Quale sarà la politica mediorientale del nuovo presidente americano Barack Obama? In campagna elettorale il candidato democratico ha dovuto faticare parecchio per convincere l’opinione pubblica israeliana e un buon numero di opinion leaders americani filoisraeliani. Ad Obama alcuni hanno rimproverato una dichiarazione a loro dire troppo filopalestinese del marzo 2007 (“Nessuno soffre più del popolo palestinese”), ma ciò che più ha alimentato la propaganda repubblicana è stato il vecchio legame di Barack con figure poco tenere verso la politica dello Stato di Israele. Come il reverendo Jeremiah Wright, il suo ex pastore, o Rashid Khalidi, professore della Columbia University. La sua disponibilità ad un dialogo con l’Iran, poi, ha impensierito ancora di più quella parte di elettorato che mal sopporta persino il suo secondo nome, Hussein.
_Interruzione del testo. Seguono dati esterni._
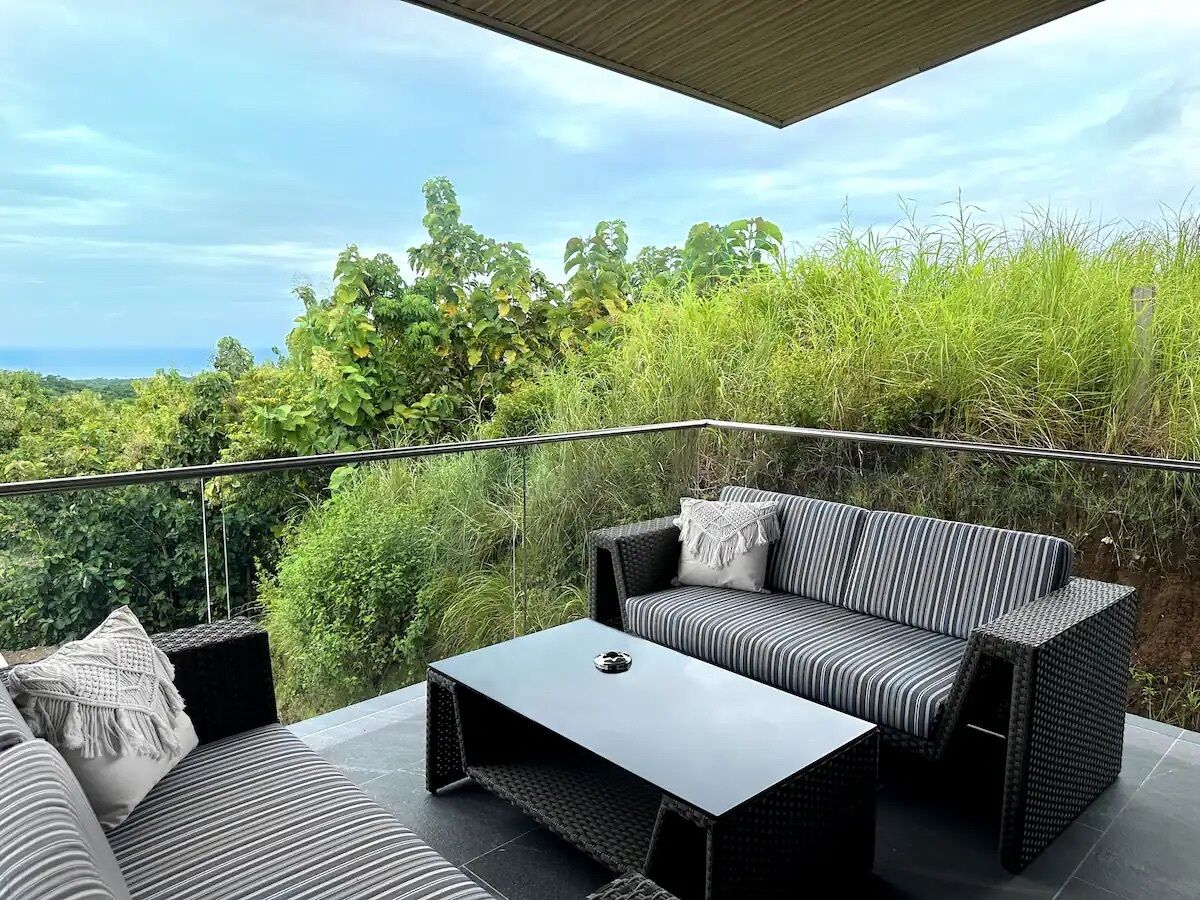 Deluxe Studio Suite, Partial Ocean View | Terrace/patio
Il compito che aspetta Barack in Medio Oriente è particolarmente complicato, vista soprattutto la debolezza dei governi israeliano e palestinese. Ma un dato può oggi rassicurare gli israeliani, e contribuire a spazzare via molte chiacchiere della campagna elettorale. Secondo gli exit polls, il 77% degli ebrei d’America ha votato per Obama, ovvero il 3% in più di quanto fosse successo con il candidato democratico del 2004, John Kerry. Viene così smentita nei fatti tutta la propaganda repubblicana sulle presunte posizioni anti-israeliane del candidato democratico. “Gli ebrei americani hanno respinto nettamente una campagna multimiliardaria di diffamazioni senza fondamento e di paura, condotta per due anni contro Obama dalla destra della nostra comunità”, ha dichiarato Jeremy Ben-Ami, executive director della lobby J Street: “Possiamo solo sperare – ha aggiunto – che questi risultato mettano a tacere per sempre il mito secondo cui la paura e le campagne diffamatorie, soprattutto a proposito di Israele, possano essere un’arma politica efficace nella comunità ebraica”.
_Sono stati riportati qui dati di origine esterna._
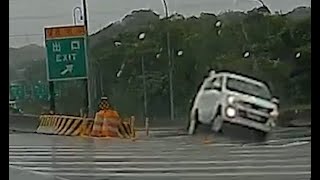 [問卦] 國道自己擦撞護欄 但沒怎樣 需要報警嗎??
Lo stesso primo atto postelettorale del presidente in pectore contribuisce a rassicurare – se ancora ce ne fosse stato bisogno – chi ha a cuore le sorti di Israele. Obama ha scelto come chief of staff Rahm Emanuel, deputato ebreo molto sensibile alla causa israeliana: "Rahm – ha ammesso Ira Forman, direttore esecutivo del National Jewish Democratic Council – non è stato certamente accusato di ingenuità o di inefficacia nella sua analisi su queste questioni”. Se gli ebrei americani si sono convinti, pare però che Obama debba ancora guadagnarsi la totale fiducia dell’opinione pubblica israeliana: “L’israeliano medio è molto sospettoso verso Obama – ha spiegato il sondaggista israeliano Rafi Smith – Se le elezioni americane si fossero tenute in Israele, John McCain avrebbe vinto a valanga. Anche il suo secondo nome, Hussein, convince la gente che egli sia meno filoisraeliano e più vicino agli arabi, ai musulmani”.
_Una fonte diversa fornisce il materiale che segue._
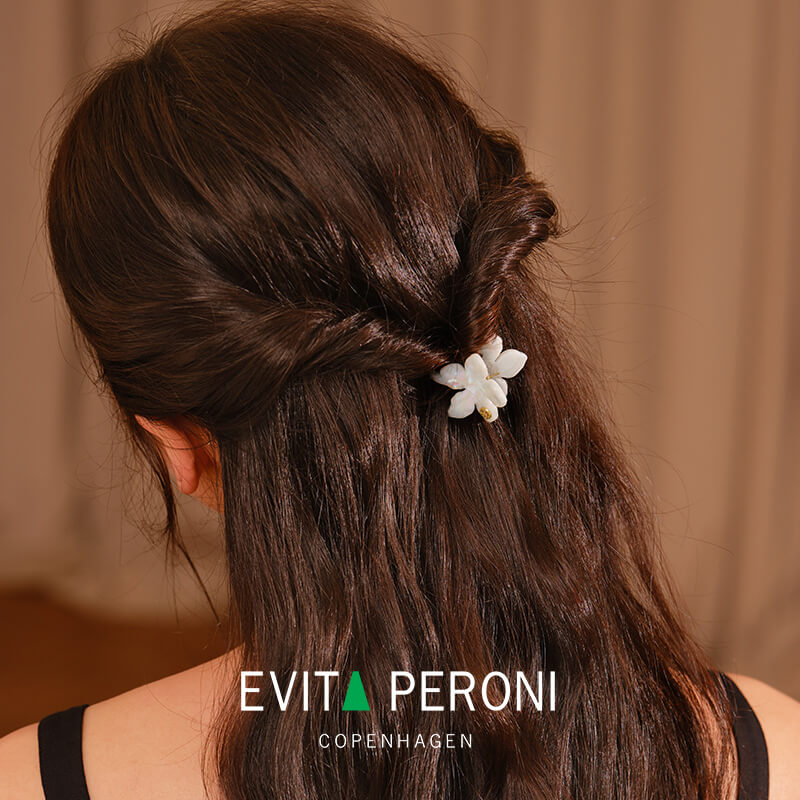 Alice Flower Mini Hair Claw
L’autorevole Rami Khouri, direttore dell’Issam Fares Institute all’American University in Beirut, ha però sottolineato come l’elezione di Obama riuscirà a risollevare l’immagine dell’America nel mondo arabo, indebolendo così la propaganda dei fondamentalisti e di Al Qaeda. Ma non è solo una questione di immagine. Le passate dichiarazioni filopalestinesi di Obama, sommate alle nuove filoisraeliane (come quelle pronunciate in campagna elettorale all’American Israel Public Affairs Committee), fanno ritenere che finalmente l’America potrà avere una politica mediorientale equilibrata. Gli Stati Uniti – è la speranza – tornano al ruolo di honest broker tra israeliani e palestinesi. Sulla carta l’equidistanza della presidenza Obama offre maggiori garanzie di pace a entrambe le parti: ai palestinesi (che si vedranno forse rispettare di più, ma che non potranno più nascondersi dietro il pretesto della faziosità americana), e agli israeliani (che non troveranno più a Washington né un loro portavoce né un controproducente protettore dei propri errori). Basterà per far scoppiare la pace? Ovviamente no. Il destino di Israele e Palestina rimane come sempre nelle mani delle due rispettive leadership.